§ Task description
Make an exact copy of the lines from the top of the entries below through the line with "Couple walking together in an outdoor space". Leave all pictures out.

§ Source records
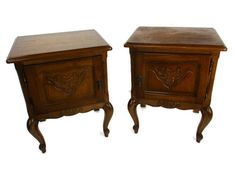 two wooden nightstands with carved designs on the top and bottom, sitting side by side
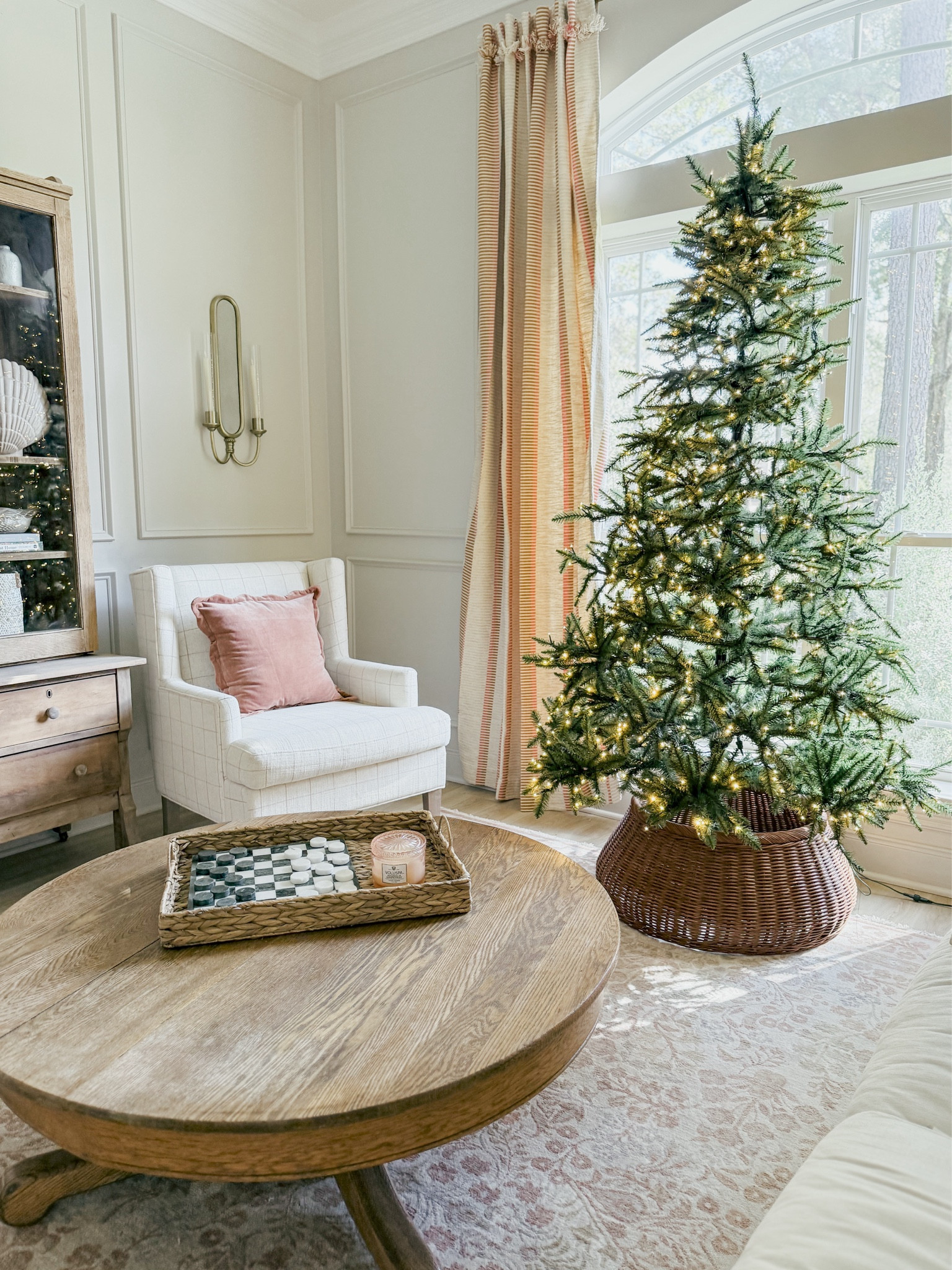 I was super skeptical when we were setting this tree up but I LOVE IT! You can’t beat the price! So easy to set up! No mess! Multiple light settings!! 👏🏻👏🏻👏🏻 

THEBLOOMINGNEST cozy Christmas decor rug chair pillow Christmas tree curtains living room 

#LTKHoliday #LTKHome #LTKSeasonal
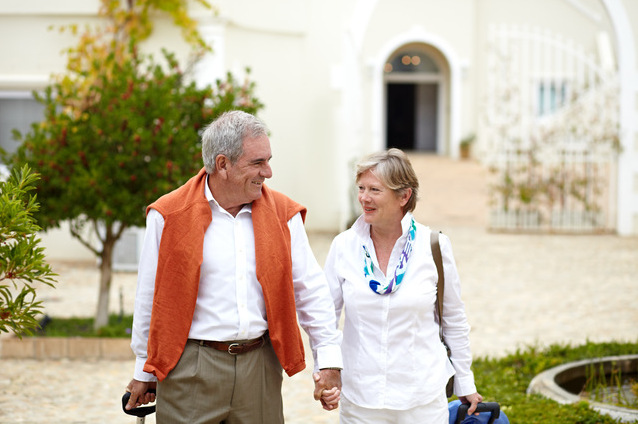 Couple walking together in an outdoor space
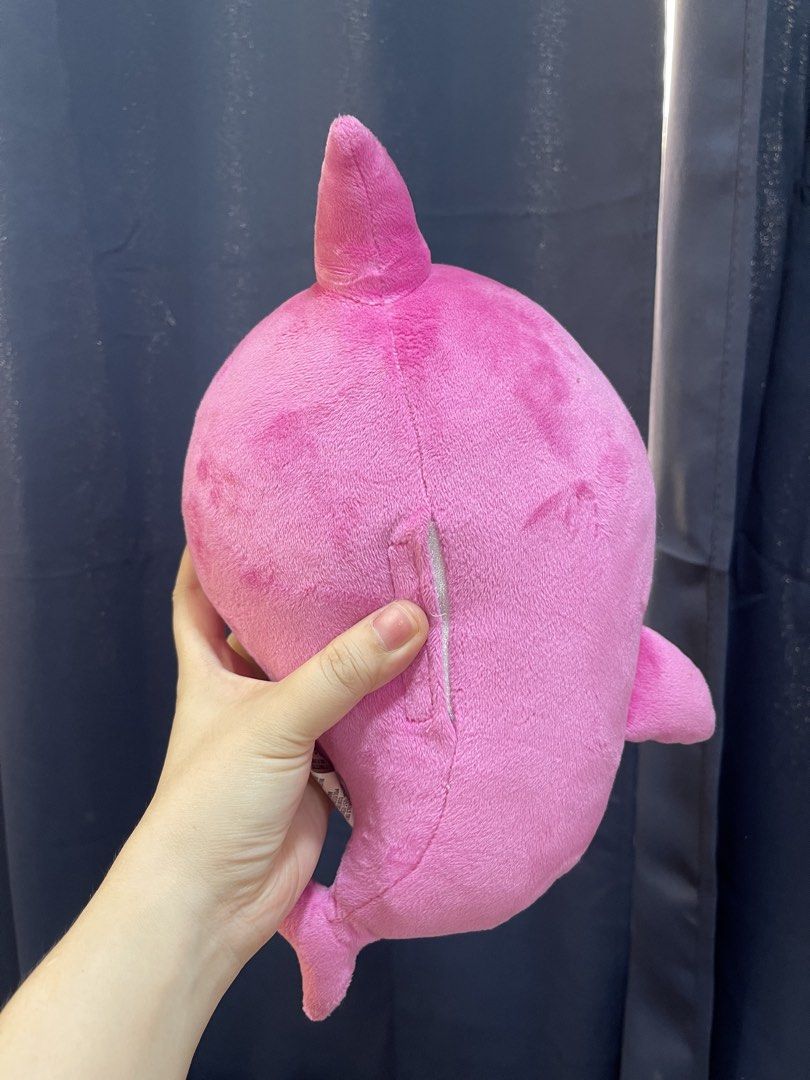 Baby Shark Plush Toy (Category: Plushies & Soft Toys) located in Taguig. Submitted by supplementary (Listing ID 1436654004, Image 2). Description: - Adorable Baby Shark plush toy. - Features a cute pink body and white belly. - Smiling face and a fin on its back. - Soft and huggable material. - Ideal for kids of all ages..
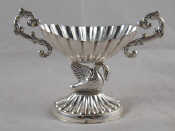 Appraisal: A Spanish standard silver two handled ribbed oval bowl supported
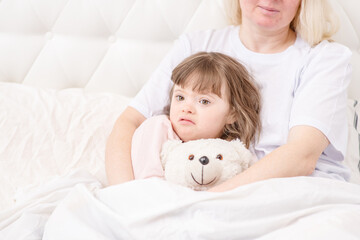 Mom hugging a sleeping girl with down syndrome holding a teddy bear at home in the bedroom on the...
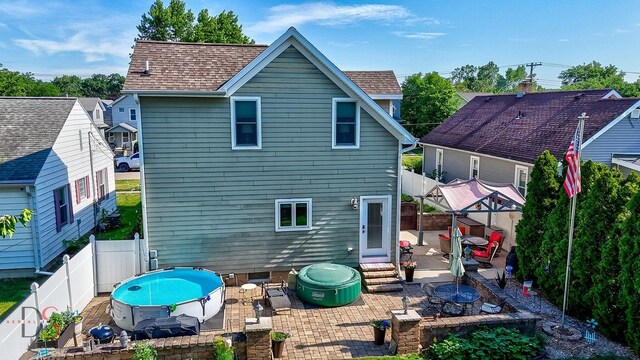 1315 W Jackson St, Ottawa, IL 61350 - back of house featuring a patio area, an outdoor fire pit, a fenced backyard, and roof with shingles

§ Solution to the exercise
 two wooden nightstands with carved designs on the top and bottom, sitting side by side
 I was super skeptical when we were setting this tree up but I LOVE IT! You can’t beat the price! So easy to set up! No mess! Multiple light settings!! 👏🏻👏🏻👏🏻 

THEBLOOMINGNEST cozy Christmas decor rug chair pillow Christmas tree curtains living room 

#LTKHoliday #LTKHome #LTKSeasonal
 Couple walking together in an outdoor space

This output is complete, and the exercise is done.